Ich werde den Film What Fires Together Wires Together zeigen, den ich im letzten Jahr fertiggestellt habe. Darin geht es um die Formbarkeit des Gehirns, um Elektrizität und die vom Fiktiven ausgehende Spannung. Außerdem wird es auch neue Skulpturen geben. Die Idee ist, den Film neu zu betrachten, um noch andere Aspekte anzusprechen, mit denen ich ihn in Verbindung bringe, insbesondere in Bezug auf Elektrizität und Energie als materielle, unsichtbare, technologische und soziopolitische Kraft. Für mich bietet der LEAP-Preis also die Möglichkeit, neue Ansätze zu finden. Etwas zu zeigen, das bisher noch niemand gesehen hat, birgt ein gewisses Risiko, aber ich habe mich für einen bestimmten Weg entschieden und kann jetzt nicht anhalten. Mir ist es wichtiger, meinen Ansatz weiterzuentwickeln, als mich zu sehr auf eine Jury zu konzentrieren, insbesondere als junge Künstlerin.
Du bist dabei, das Medium deiner Wahl zu wechseln – vom Digitalen und vom Film zu eher physischen Materialien?
Es liegt eine gewisse Ironie darin, sich mit Themen zu beschäftigen, in denen es um Digitales, Technologien, Computer und Algorithmen geht: Man kritisiert die Dinge, mit denen man arbeitet. Aus diesem Grund arbeite ich auch häufig mit anderen Materialien, insbesondere mit Stoff. Durch die Art und Weise, wie er hergestellt wird, das Weben, wird eine Art Raster erzeugt, das sich auch im Digitalen wiederfindet. Man stößt auf Ähnlichkeiten, und ich bin an einem Punkt angelangt, an dem es interessanter wird, die greifbare Welt zu erforschen, um die digitale zu denken.

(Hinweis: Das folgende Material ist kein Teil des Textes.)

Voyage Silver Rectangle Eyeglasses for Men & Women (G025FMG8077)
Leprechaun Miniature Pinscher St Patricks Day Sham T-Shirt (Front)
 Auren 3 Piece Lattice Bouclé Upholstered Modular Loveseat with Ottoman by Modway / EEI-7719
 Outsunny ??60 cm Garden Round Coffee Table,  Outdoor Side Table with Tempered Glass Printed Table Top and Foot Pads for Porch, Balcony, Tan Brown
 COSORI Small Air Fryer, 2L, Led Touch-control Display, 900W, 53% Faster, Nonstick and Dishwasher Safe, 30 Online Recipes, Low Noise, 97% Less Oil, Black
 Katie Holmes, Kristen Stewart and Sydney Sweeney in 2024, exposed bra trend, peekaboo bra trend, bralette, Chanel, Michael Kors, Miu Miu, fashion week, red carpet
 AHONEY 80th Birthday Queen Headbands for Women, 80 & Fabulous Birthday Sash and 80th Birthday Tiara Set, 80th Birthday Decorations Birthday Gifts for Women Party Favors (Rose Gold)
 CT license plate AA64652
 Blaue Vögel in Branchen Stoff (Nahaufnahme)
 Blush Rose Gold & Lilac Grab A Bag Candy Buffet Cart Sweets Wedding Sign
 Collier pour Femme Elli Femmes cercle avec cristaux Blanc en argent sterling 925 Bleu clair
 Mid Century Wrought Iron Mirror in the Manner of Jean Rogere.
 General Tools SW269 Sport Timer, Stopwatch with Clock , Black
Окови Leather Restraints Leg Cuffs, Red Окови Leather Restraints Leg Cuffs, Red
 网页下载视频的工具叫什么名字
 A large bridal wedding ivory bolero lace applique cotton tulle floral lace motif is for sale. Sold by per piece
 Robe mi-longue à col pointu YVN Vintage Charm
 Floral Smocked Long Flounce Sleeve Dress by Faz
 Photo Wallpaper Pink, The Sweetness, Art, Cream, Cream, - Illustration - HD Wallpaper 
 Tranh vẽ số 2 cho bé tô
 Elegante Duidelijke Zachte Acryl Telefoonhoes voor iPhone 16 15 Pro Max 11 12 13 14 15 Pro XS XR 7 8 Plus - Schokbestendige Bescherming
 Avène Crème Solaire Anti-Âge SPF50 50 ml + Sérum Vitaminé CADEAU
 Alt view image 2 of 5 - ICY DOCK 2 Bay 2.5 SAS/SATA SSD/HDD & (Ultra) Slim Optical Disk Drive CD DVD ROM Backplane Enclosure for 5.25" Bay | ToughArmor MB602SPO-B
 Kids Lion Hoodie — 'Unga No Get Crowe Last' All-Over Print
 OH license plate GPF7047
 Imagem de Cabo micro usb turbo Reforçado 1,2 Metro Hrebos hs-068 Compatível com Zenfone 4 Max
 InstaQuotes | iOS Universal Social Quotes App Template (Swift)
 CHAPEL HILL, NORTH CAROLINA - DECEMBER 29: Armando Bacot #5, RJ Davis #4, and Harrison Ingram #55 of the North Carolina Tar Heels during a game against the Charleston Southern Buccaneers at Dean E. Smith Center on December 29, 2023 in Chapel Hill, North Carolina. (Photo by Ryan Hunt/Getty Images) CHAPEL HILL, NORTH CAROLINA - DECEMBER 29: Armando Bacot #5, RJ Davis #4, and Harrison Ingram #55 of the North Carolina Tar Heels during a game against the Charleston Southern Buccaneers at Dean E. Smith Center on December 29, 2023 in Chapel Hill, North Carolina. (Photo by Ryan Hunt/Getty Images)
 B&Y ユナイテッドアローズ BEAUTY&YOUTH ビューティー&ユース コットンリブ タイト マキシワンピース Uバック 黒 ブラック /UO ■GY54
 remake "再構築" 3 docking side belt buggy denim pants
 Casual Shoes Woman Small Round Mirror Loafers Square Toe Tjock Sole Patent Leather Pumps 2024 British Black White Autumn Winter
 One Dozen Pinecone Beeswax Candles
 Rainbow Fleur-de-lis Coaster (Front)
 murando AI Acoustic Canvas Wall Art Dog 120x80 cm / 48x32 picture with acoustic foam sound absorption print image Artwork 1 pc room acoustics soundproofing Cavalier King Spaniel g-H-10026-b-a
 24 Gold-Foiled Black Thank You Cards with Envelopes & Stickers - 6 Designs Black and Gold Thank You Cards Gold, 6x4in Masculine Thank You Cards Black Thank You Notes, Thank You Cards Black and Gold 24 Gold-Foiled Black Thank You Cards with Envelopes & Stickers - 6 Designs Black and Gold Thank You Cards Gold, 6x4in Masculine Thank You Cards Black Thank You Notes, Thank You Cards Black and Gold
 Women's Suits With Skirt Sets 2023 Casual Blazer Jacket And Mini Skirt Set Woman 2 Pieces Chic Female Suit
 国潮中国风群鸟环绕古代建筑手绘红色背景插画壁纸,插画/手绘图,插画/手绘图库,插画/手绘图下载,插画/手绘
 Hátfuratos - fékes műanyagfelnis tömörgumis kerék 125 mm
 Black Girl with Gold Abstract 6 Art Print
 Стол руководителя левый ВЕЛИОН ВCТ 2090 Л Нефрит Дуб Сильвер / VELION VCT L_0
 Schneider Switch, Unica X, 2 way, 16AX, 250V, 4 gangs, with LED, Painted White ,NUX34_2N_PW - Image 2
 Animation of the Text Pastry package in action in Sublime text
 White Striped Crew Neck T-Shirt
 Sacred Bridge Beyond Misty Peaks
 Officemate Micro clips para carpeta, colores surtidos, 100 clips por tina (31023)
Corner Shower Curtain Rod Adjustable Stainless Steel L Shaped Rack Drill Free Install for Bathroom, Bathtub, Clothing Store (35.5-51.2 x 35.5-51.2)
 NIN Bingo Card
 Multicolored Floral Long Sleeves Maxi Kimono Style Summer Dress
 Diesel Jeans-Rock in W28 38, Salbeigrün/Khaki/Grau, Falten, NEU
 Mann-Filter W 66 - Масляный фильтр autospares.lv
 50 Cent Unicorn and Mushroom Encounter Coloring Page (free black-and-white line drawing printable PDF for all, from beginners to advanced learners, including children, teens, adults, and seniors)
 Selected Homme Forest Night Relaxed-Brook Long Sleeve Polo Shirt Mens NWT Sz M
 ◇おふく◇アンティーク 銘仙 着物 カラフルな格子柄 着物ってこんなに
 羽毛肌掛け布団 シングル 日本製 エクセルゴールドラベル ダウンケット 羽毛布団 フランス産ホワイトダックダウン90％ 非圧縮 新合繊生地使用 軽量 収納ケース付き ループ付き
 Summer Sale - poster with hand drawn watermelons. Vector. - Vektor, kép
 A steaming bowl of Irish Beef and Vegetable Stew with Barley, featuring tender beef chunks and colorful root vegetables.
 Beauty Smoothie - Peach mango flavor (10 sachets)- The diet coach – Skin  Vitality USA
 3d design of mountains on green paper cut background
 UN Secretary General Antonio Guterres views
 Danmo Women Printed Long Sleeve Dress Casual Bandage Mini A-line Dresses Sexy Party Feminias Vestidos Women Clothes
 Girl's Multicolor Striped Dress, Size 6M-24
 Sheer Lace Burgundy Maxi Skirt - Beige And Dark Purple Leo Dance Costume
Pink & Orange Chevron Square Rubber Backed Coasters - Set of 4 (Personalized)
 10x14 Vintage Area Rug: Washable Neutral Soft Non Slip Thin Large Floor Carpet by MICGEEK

Gleichzeitig achte ich darauf, nicht strikt zwischen digitaler Welt und realer Welt zu unterscheiden, sie nicht zu getrennten Welten zu machen. Wenn man über Technologien und die virtuelle Welt nachdenkt, beschäftigt man sich auch mit seiner Wahrnehmung der realen Welt.
Ich denke auch häufig über den Dualismus Natur / Technologie nach. Als ich mit der Konzeptkunst begonnen habe, waren das für mich Kategorien, die sich gegenseitig widersprechen. Aber wir haben die Technologien geschaffen, sie stammen von uns, und wir sind Teil der Natur. Im Inneren von Computern findet man sogenannte Motherboards. Sie sind immer grün, ihr Name erinnert an Mutter Natur … Diese Verbindung fasziniert mich. (unten: What Fires Together Wires Together, Fotos © Mathieu Buchler)
Welche Veränderungen hast du abgesehen von den Medien, die du verwendest, sonst bereits in deiner Praxis bemerkt?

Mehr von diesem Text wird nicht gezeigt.